Task prompt:
A word-for-word copy of the entries, with the images left out, is what you should write.

(Short web captions)

-----

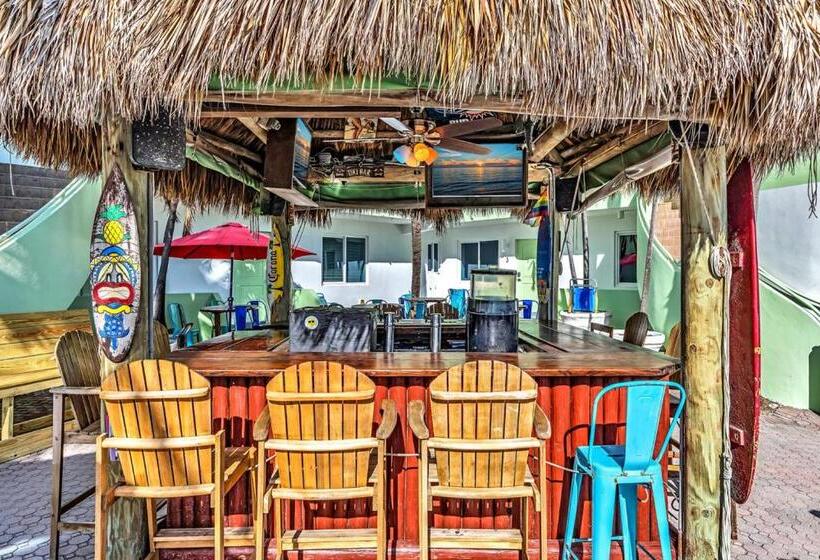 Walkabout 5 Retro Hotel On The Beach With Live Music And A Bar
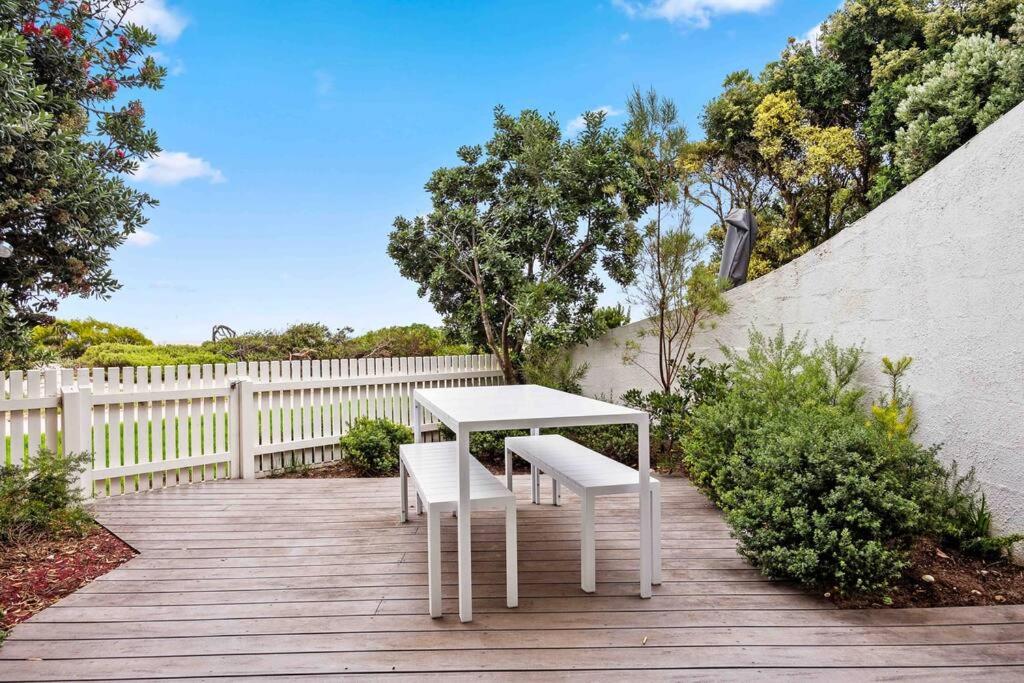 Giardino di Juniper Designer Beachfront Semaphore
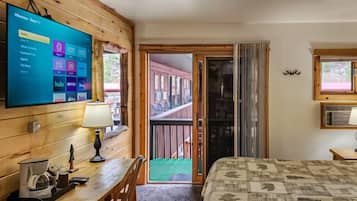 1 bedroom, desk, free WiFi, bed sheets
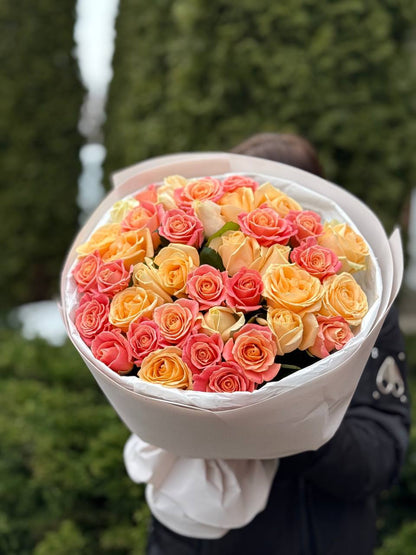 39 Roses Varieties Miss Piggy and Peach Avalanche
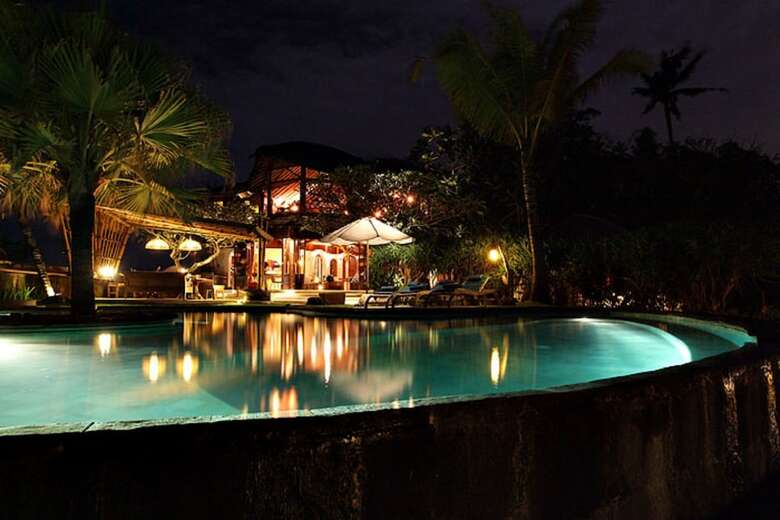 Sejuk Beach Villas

-----

Result:
 Walkabout 5 Retro Hotel On The Beach With Live Music And A Bar
 Giardino di Juniper Designer Beachfront Semaphore
 1 bedroom, desk, free WiFi, bed sheets
 39 Roses Varieties Miss Piggy and Peach Avalanche
 Sejuk Beach Villas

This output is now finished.